* **EXERCISE OBJECTIVE**
After locating the line with "Raztegljiv kavč Temecula 104 (Svetlo siva)" below, output it and each following line exactly, stopping after the line with "DENOKIN portable espresso". No pictures.
[Start of section]
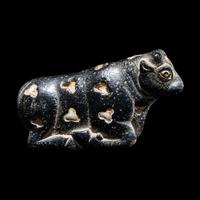 A Mesopotamian Marble and Limestone Inlay Recumbent Calf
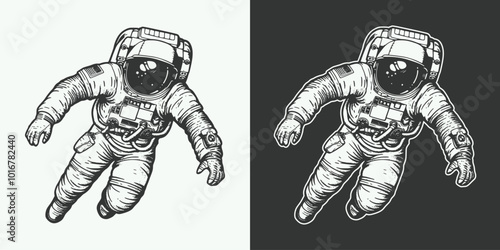 Vintage retro jand drawn engraving illustration of space galaxy astronaut in outter space view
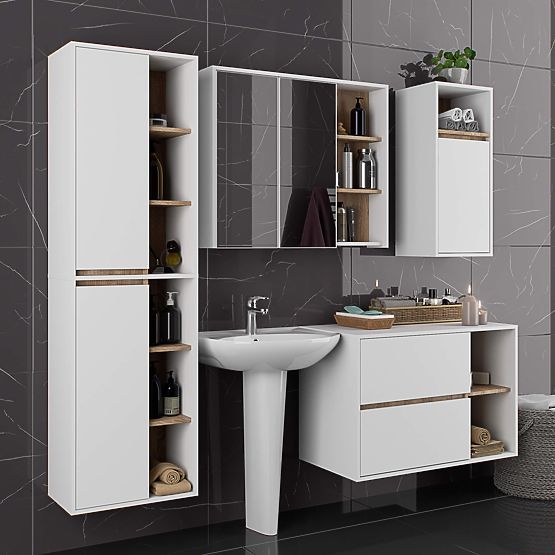 ZÁVESNÁ KÚPEĽŇOVÁ SKRINKA VAMI W50 2D 6P BIELA / DUB SONOMA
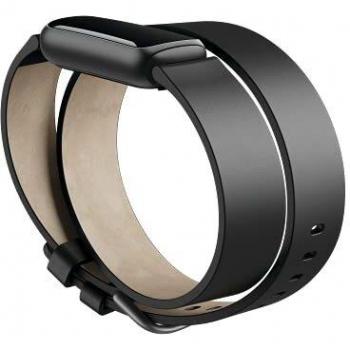 Fitbit Luxe Horween Leather Double Wrap Band, Black, One Size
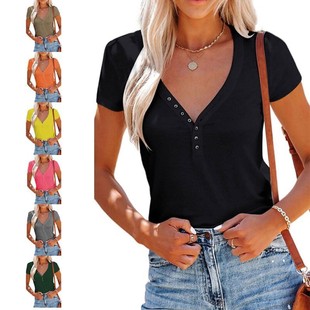 领虾皮恤短袖 独立站欧美跨境外贸女装 新款 亚马逊夏季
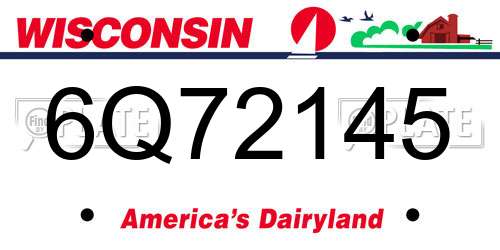 6Q72145 Wisconsin License Plate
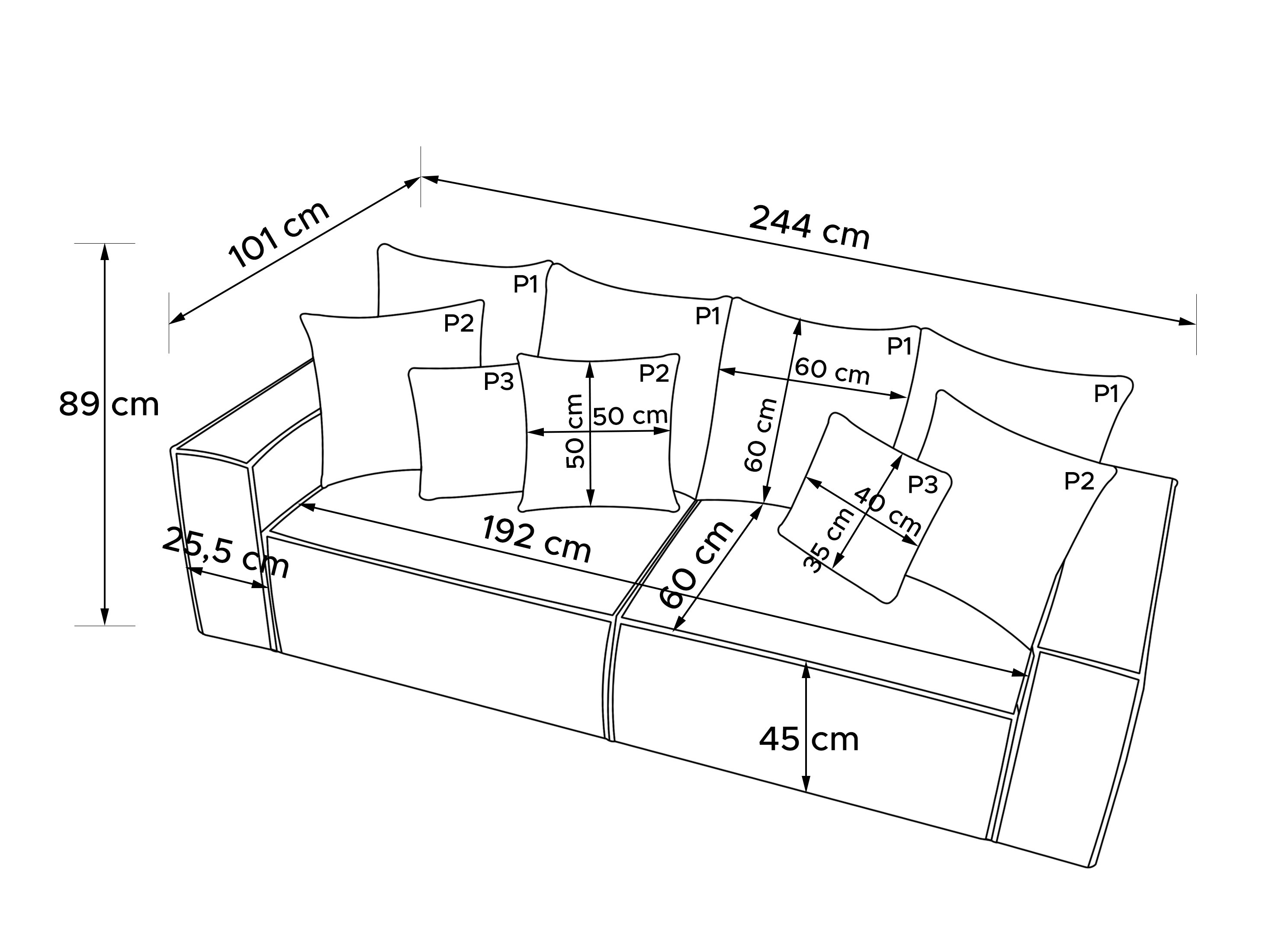 Raztegljiv kavč Temecula 104 (Svetlo siva)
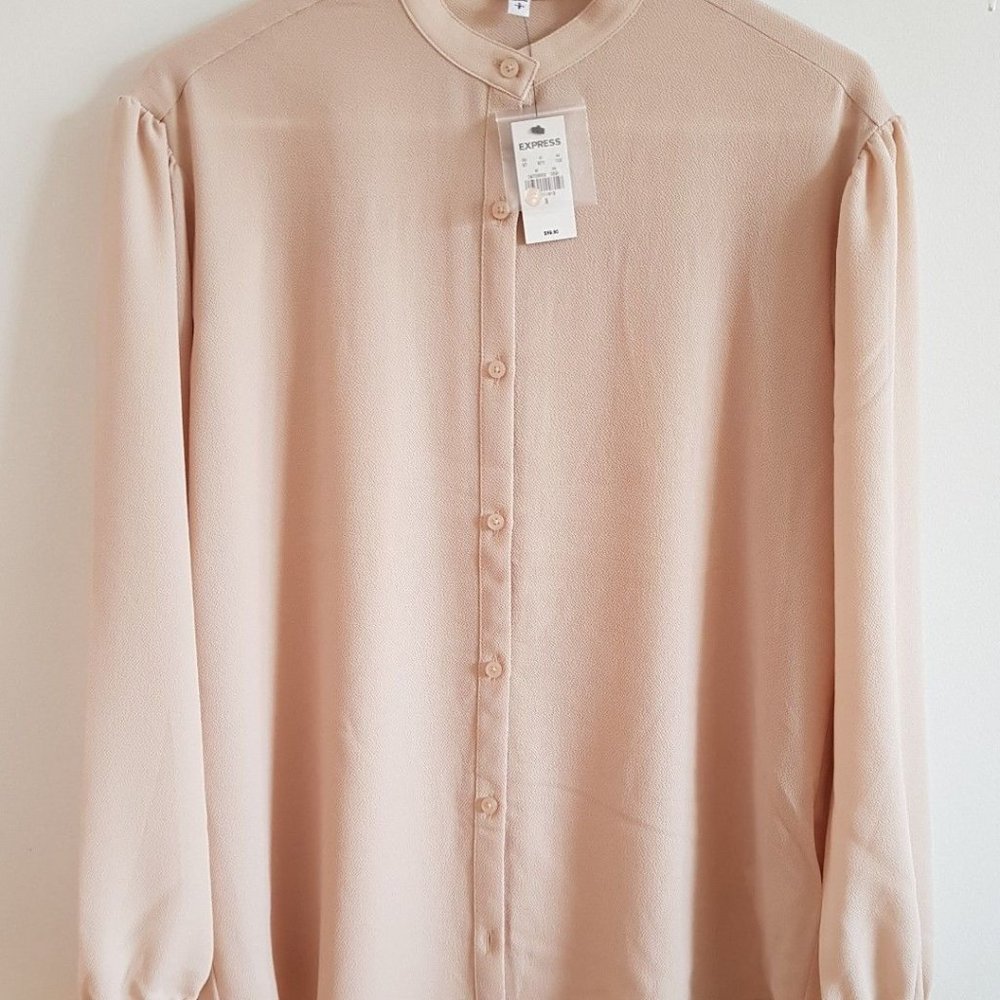 EXPRESS Oversized Stand Collar Shirt NWT - Picture 3 of 5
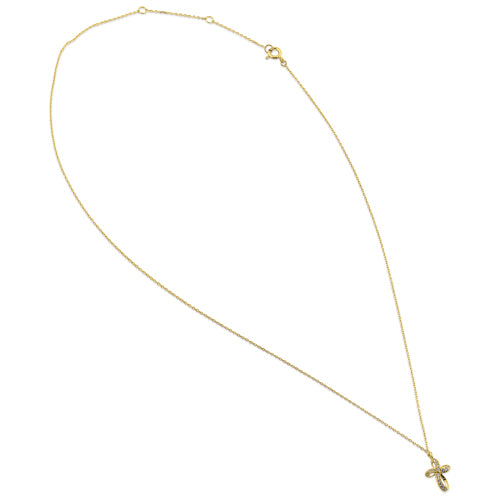14K Solid Yellow Gold Ribbon Cross Necklace with CZ Stones - Elegant Religious Jewelry for Women, Perfect for Church, Weddings & Everyday Wear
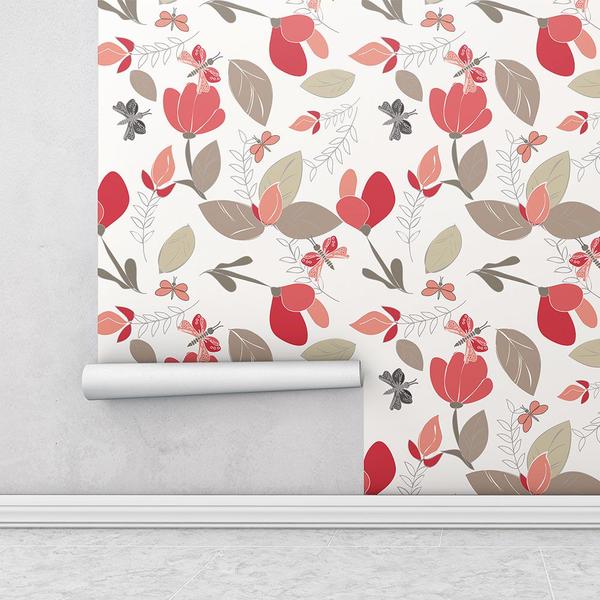 Imagem de Papel De parede Para Quartos E Sala floral Tons De Vermelho marrom Bege Nude E Cinza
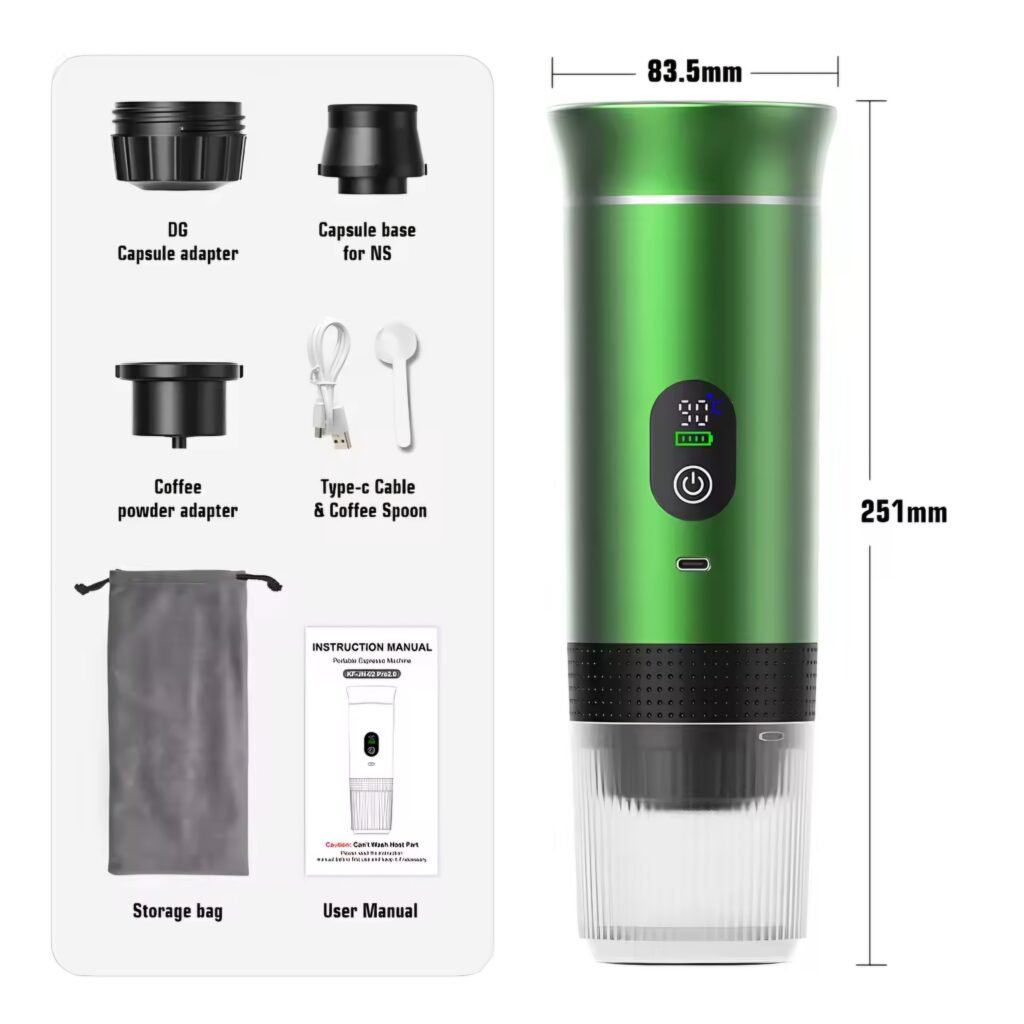DENOKIN portable espresso machine green color with full accessory kit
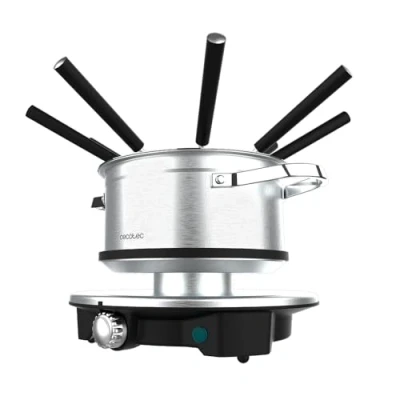 Imagen de Cecotec Fondue Eléctrica para 8 Personas Fun Gourmetfondue Advance. 1500W, Capacidad 1,7L, Queso, Chocolate y Aceite, Diseño en Acero Inox, Potencia Regulable, Piezas Aptas Lavavajillas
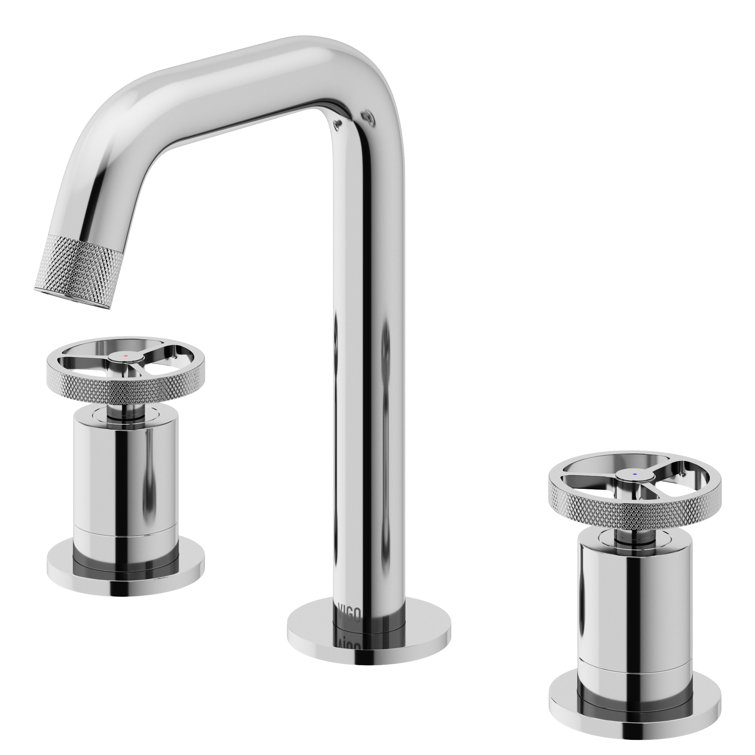Cass Industrial-Chic Chrome Dual-Wheel Handle Widespread Bathroom Faucet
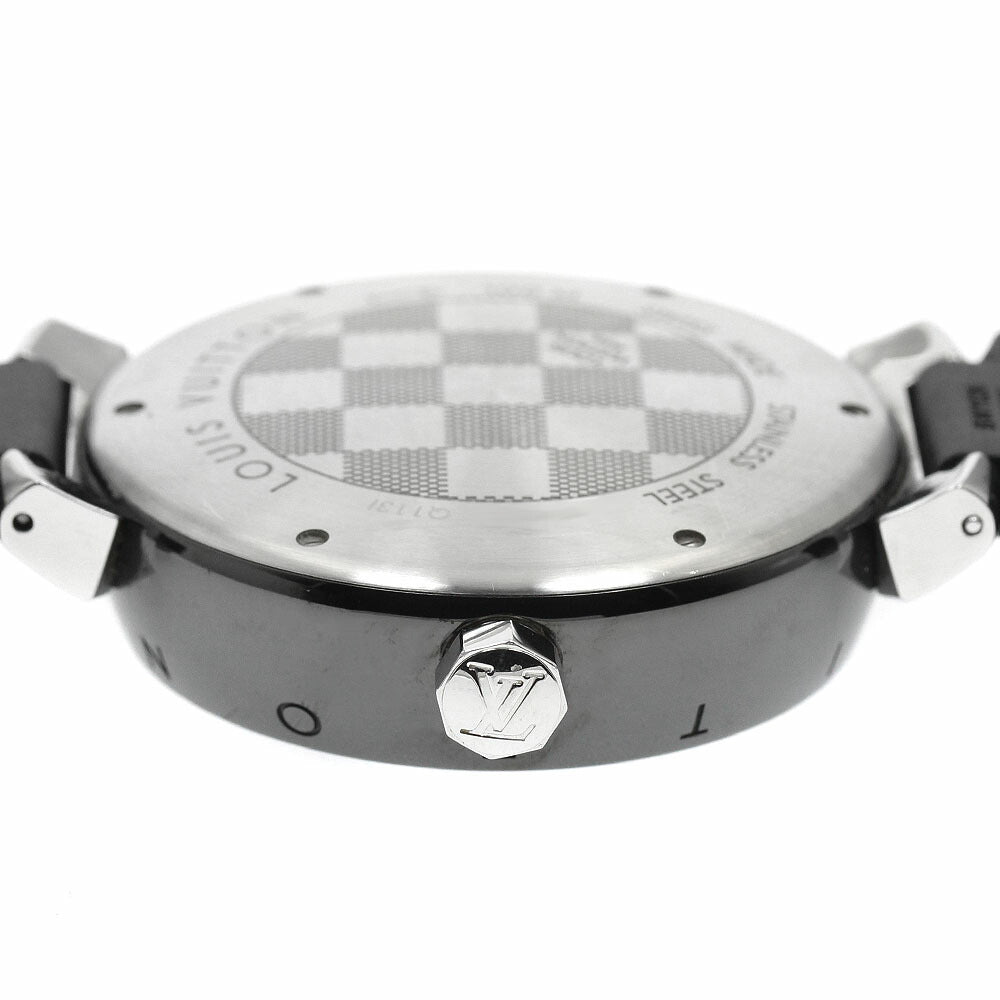 LOUIS VUITTON Q113I Tambour in Black GMT Automatic Men's Watch with Box and Warranty Card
[End of section]
* **TASK SOLUTION**
 Raztegljiv kavč Temecula 104 (Svetlo siva)
 EXPRESS Oversized Stand Collar Shirt NWT - Picture 3 of 5
14K Solid Yellow Gold Ribbon Cross Necklace with CZ Stones - Elegant Religious Jewelry for Women, Perfect for Church, Weddings & Everyday Wear
 Imagem de Papel De parede Para Quartos E Sala floral Tons De Vermelho marrom Bege Nude E Cinza
DENOKIN portable espresso machine green color with full accessory kit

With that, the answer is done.